Another major problem I had with the plot was how needlessly dark and depressing it is. Okay guys, I understand that people die in war. I also understand that titans kill a lot of people. But I don’t need to see every death onscreen. It doesn’t add anything. Watching hundreds of faceless people die gives the show a feeling of childish masochism and ruins any emotion the audience can get from a main character dying. “How do we make this hardcore? Like, so hardcore people will think they’re watching something more than an above average shounen?”

I know! Add so much death and destruction that just watching it and leaving with a smile on your face is a mark of your depravity. I feel like the deaths were there constantly to try to remind us that we’re watching something more than what AoT actually is and because of that, the constant death and murder becomes pointlessly uninteresting. If a character like Eren or Mikasa were to die, it wouldn’t really feel sad. Instead you’d say “Yup, that’s pretty clearly what’s going to happen.” Death works and makes you have feels when you are attached to the character or feel bad for the circumstances of the character’s death. And that rarely ever happens in Attack on Titan. About the only death you can feel really bad for is Petra, and that’s only because of the vague hint that she might have been married off to Levi. I appreciate the non-overtness of this, but at the same time, its effect on Levi is uninteresting. Levi seems a little different, but his character really doesn’t change much. So why should I care about Petra’s death and why put emphasis on it?
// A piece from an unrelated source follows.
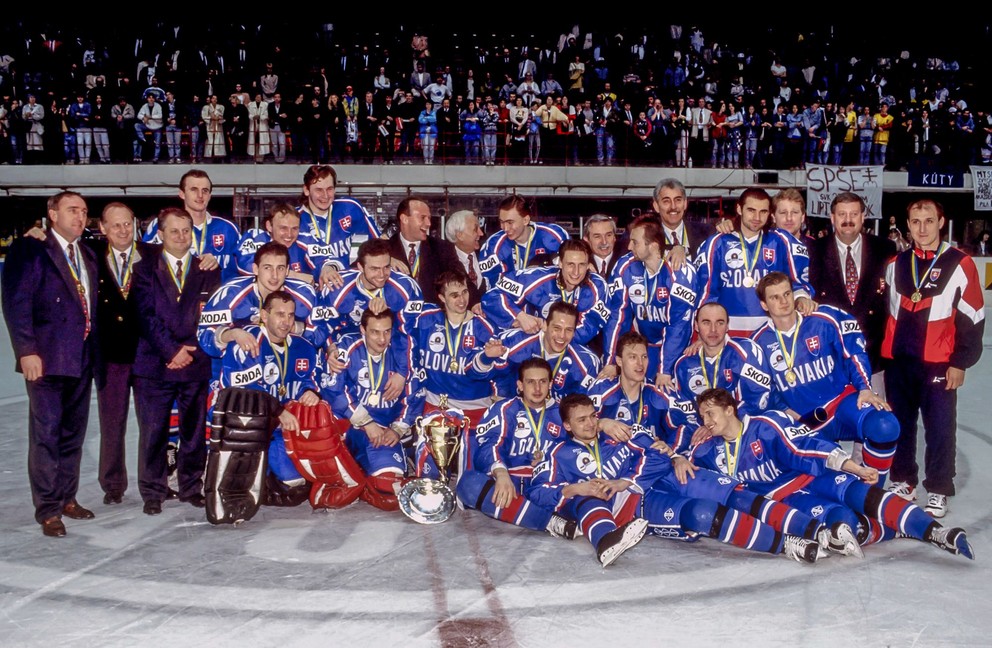 Slovensko - víťaz B-kategórie MS 1995 v hokeji.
That’s Attack on Titan’s biggest problem: it’s trying to be something it isn’t.

Look at the character’s to see why so many people get drawn into the series. Eren Jaegar is a typical shounen main character who is idealistic and screams a lot and also has a monster inside of him. Armin is the nerdy little guy. Mikasa is an interestingly strong female lead and I can see a lot of female fans watching the show just for the sheer number of badass women.

And that’s the accessibility. Accessible story, accessible characters, and an accessible world.

There are some minor issues. Bad writing, some head scratching areas of the plot (I understand Eren wants to save humanity and kill the titans but he sure murders thousands of innocent civilians in the final fight), long uninteresting stretches of nothing happening. The Linkin Park-esque music that punctuates dramatic scenes really fucks with the tone of the scene and makes it laughable sometimes. But for all that, there is some good

Great animation with fluid fight scenes. One of the best opening numbers of any anime ever. Some genuinely badass moments. Some genuinely badass characters. There are so many good things going on but there are also so many bad things that the series doesn’t excel beyond the realms of above-average. I enjoyed the hell out of Attack on Titan even through all its problems and I can’t wait to hear confirmation of a second season. While it doesn’t have all the aspects that make an anime great, it has every aspect of a fun and entertaining anime. Some parts do drag, the tone is not the best, the characters aren’t that exciting, the action is too slow, the attitude is juvenile, and the plot is weak; but damn is it fun to watch a titan punch another titan’s head off and send it into a clock tower.

People who go into this expecting anything more than typical shounen fair with constant attempts to be edgy (edgy Linking Park music, edgy violence, edgy cuss words!) will be sorely disappointed. This is not the new Berserk by any means. It’s a dumb shounen that’s entertaining because of how dumb it is without being overbearingly dumb.